Con el actual subjetivismo imperante y los eufemismos en el lenguaje sobre los derechos humanos se ha creado mayor confusión todavía, empobreciendo el debate y dejando vacíos los conceptos. Se confunden deseos individualistas con derechos, pero no importan los derechos de los otros, solo los propios. Y los deberes que son inseparables de los derechos no parecen interesar demasiado. No se distingue ya lo público de lo privado y negando cualquier fundamento, todo se vuelve una pugna por imponer los propios gustos, valores e intereses particulares al resto de la sociedad.
Los derechos humanos que originalmente eran defensivos, para proteger a las personas del Estado, ahora se entienden como extensión del poder individual, asumiendo la forma de nuevos derechos subjetivos que corresponden a una amplia variedad de deseos individuales. Se consideran derechos sobre uno mismo, independientes de toda idea de bien o de justicia exterior al individuo y reducen la dignidad humana a la voluntad de autodeterminación. Lo que vale ya no es tanto la vida sino la libertad de decidir por encima de todo, aunque sea en contra de la vida y de la dignidad de las personas, con mayor impacto en los más vulnerables.
“La libertad individual sin un contenido, que aparece como el más alto fin, se anula a sí misma, pues sólo puede subsistir en un orden de libertades.
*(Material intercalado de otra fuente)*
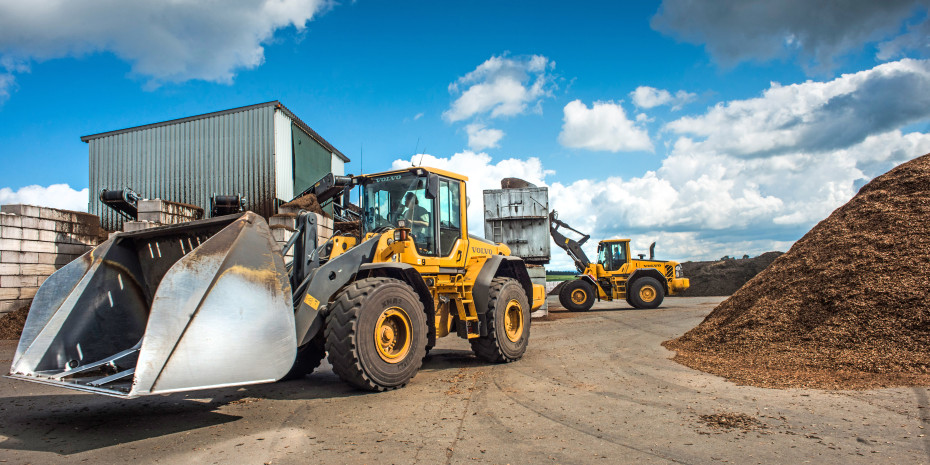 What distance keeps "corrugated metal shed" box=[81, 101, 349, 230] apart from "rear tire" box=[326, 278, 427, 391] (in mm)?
12966

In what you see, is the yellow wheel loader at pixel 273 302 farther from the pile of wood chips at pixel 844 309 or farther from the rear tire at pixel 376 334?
the pile of wood chips at pixel 844 309

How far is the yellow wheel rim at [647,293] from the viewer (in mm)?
18141

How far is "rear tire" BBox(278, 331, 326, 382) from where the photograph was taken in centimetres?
639

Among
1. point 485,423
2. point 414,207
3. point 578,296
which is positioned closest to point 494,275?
point 414,207

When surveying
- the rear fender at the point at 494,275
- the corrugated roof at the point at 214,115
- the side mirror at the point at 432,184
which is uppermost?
the corrugated roof at the point at 214,115

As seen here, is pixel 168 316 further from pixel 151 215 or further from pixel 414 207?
pixel 151 215

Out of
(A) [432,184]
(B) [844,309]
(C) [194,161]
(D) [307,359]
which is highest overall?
(C) [194,161]

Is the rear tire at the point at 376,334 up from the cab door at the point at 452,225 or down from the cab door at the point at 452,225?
down

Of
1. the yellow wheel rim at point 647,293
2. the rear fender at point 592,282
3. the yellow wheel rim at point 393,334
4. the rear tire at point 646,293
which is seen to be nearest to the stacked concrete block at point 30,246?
the yellow wheel rim at point 393,334

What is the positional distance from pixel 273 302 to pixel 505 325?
3.87 metres

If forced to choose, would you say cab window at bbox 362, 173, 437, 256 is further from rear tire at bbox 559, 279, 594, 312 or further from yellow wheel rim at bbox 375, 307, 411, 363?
rear tire at bbox 559, 279, 594, 312

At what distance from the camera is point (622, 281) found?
18.7 m

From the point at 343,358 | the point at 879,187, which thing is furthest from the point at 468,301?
the point at 879,187

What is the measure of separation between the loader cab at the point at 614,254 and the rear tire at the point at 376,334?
14432 millimetres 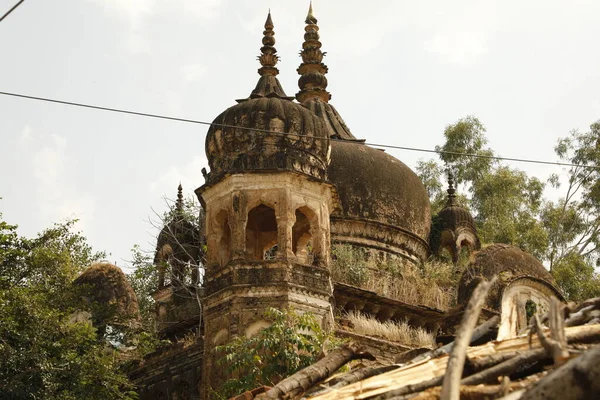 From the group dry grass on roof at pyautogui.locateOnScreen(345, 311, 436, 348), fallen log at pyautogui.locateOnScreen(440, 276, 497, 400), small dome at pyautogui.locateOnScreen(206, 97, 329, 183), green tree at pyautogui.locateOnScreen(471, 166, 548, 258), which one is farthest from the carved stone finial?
fallen log at pyautogui.locateOnScreen(440, 276, 497, 400)

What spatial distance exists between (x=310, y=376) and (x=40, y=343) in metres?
7.76

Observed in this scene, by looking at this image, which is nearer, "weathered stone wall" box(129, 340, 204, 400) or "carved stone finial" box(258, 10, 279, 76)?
"weathered stone wall" box(129, 340, 204, 400)

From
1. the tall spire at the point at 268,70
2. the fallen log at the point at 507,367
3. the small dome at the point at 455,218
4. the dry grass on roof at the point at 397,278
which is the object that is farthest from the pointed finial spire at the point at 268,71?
the fallen log at the point at 507,367

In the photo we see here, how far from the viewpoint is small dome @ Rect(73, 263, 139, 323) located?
17.1 meters

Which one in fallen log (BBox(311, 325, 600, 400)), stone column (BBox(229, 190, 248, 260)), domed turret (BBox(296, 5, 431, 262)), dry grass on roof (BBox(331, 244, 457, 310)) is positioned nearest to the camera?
fallen log (BBox(311, 325, 600, 400))

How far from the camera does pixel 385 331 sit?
15938mm

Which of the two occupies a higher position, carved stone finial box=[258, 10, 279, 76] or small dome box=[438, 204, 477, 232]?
carved stone finial box=[258, 10, 279, 76]

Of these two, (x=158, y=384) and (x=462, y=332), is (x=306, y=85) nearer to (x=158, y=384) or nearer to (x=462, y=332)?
(x=158, y=384)

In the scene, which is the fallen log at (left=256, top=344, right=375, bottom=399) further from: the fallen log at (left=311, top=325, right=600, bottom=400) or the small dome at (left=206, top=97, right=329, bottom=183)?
the small dome at (left=206, top=97, right=329, bottom=183)

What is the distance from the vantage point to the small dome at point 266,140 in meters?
15.1

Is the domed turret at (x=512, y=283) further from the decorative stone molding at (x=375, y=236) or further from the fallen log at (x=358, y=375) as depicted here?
the fallen log at (x=358, y=375)

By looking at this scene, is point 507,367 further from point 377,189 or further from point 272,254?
point 377,189

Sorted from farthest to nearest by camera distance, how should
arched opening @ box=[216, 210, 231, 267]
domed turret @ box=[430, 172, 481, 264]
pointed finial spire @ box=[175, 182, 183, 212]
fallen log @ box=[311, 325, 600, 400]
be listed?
1. domed turret @ box=[430, 172, 481, 264]
2. pointed finial spire @ box=[175, 182, 183, 212]
3. arched opening @ box=[216, 210, 231, 267]
4. fallen log @ box=[311, 325, 600, 400]

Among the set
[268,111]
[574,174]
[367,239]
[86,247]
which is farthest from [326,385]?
[574,174] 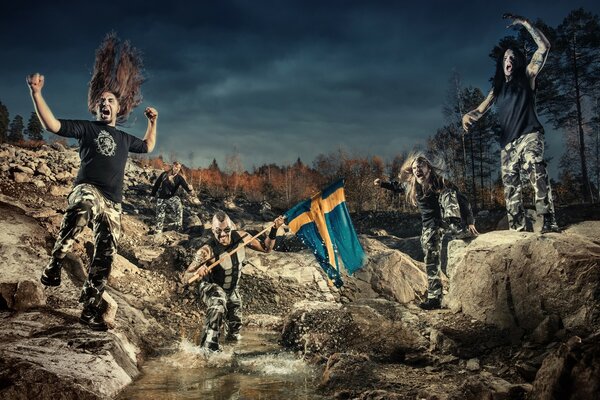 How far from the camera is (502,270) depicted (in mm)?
5656

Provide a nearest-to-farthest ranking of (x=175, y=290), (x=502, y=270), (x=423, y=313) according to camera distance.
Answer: (x=502, y=270), (x=423, y=313), (x=175, y=290)

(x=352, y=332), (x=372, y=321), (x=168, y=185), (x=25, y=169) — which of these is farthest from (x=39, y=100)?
(x=25, y=169)

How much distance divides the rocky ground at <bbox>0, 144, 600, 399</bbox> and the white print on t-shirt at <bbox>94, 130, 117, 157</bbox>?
1.92 metres

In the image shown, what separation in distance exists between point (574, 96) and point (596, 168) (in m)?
6.60

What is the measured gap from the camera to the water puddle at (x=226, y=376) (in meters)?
3.82

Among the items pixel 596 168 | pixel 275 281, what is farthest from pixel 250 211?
pixel 596 168

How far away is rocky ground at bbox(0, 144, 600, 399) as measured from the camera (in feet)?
10.5

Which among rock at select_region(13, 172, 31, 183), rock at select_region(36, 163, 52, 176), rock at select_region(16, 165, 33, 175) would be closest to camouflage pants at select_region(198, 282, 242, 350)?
rock at select_region(13, 172, 31, 183)

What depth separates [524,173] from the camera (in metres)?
6.08

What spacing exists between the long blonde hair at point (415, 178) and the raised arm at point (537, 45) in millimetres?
1991

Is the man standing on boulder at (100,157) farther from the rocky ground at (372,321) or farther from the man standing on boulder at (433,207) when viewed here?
the man standing on boulder at (433,207)

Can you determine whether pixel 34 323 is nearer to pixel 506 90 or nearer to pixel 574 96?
pixel 506 90

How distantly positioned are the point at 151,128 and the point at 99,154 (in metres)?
0.75

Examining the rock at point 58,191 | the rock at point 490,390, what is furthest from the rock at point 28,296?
the rock at point 58,191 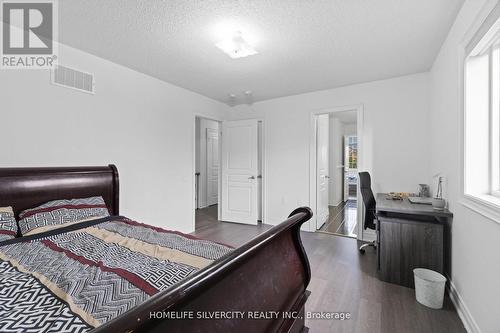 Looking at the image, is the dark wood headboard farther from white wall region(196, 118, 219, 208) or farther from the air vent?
white wall region(196, 118, 219, 208)

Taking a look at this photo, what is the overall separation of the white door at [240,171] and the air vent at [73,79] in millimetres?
2538

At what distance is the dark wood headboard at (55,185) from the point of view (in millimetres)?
1918

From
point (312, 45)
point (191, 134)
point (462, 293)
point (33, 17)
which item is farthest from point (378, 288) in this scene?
point (33, 17)

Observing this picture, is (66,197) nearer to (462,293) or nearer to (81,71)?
(81,71)

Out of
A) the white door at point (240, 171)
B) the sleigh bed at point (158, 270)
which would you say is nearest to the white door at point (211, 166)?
the white door at point (240, 171)

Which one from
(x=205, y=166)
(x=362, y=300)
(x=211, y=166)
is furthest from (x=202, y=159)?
(x=362, y=300)

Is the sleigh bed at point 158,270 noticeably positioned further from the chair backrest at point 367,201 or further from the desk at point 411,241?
the chair backrest at point 367,201

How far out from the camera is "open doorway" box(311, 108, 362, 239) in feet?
13.4

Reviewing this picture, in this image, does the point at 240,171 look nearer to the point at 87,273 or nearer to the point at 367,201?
the point at 367,201

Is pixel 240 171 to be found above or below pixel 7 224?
above

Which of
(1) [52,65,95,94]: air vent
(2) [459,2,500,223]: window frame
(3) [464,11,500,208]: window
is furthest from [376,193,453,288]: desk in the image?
(1) [52,65,95,94]: air vent

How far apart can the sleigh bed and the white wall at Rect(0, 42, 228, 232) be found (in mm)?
373

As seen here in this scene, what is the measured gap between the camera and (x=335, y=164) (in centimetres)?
638

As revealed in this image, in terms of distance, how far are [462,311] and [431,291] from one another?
0.21 meters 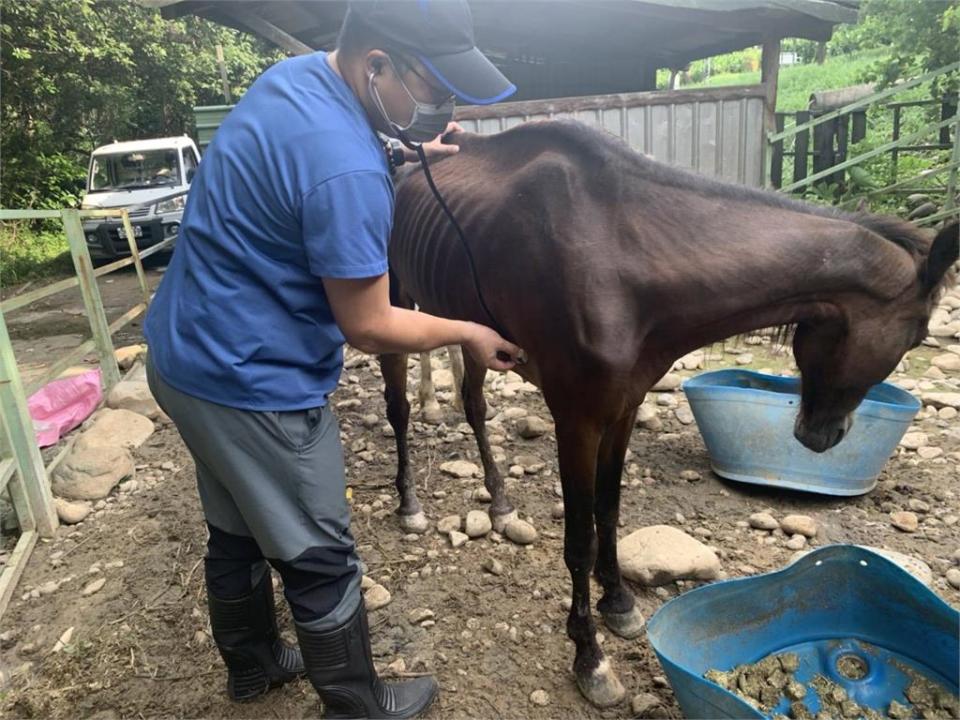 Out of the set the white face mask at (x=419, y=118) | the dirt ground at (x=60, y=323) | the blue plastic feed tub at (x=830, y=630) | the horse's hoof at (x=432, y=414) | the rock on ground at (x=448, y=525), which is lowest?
the dirt ground at (x=60, y=323)

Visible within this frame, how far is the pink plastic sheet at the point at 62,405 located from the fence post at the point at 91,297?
131mm

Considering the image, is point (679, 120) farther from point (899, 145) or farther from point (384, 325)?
point (384, 325)

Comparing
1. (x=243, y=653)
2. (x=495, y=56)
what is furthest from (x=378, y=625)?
(x=495, y=56)

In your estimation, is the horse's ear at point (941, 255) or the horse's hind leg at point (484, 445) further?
the horse's hind leg at point (484, 445)

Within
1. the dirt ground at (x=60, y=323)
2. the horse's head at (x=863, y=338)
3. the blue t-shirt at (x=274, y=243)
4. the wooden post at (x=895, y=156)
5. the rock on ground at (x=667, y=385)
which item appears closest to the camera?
the blue t-shirt at (x=274, y=243)

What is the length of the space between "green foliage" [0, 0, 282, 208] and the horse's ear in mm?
14767

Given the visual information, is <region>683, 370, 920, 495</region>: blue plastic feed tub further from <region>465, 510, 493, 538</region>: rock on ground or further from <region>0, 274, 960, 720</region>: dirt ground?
<region>465, 510, 493, 538</region>: rock on ground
Necesita una medida, sin la que se convierte en violencia contra los demás. No sin razón los que persiguen un dominio totalitario provocan una libertad individual desordenada y un estado de lucha de todos contra todos, para poder presentarse después con su orden como los verdaderos salvadores de la humanidad. La libertad necesita, pues un contenido. Lo podemos definir como el aseguramiento de los derechos humanos”. (Ratzinger, Verdad, valores y poder).
Dignidad humana: ¿subjetiva?
El fundamento de los Derechos Humanos es el reconocimiento de la dignidad del ser humano, dignidad que no se pierde, que no depende de las condiciones de vida ni de las opciones de la persona, porque esta dignidad es inherente al ser humano por ser persona. Así está explicitado en el primer párrafo del Preámbulo de la Declaración Universal de los Derechos Humanos: «Considerando que la libertad, la justicia y la paz en el mundo tienen por base el reconocimiento de la dignidad intrínseca y de los derechos iguales e inalienables de todos los miembros de la familia humana».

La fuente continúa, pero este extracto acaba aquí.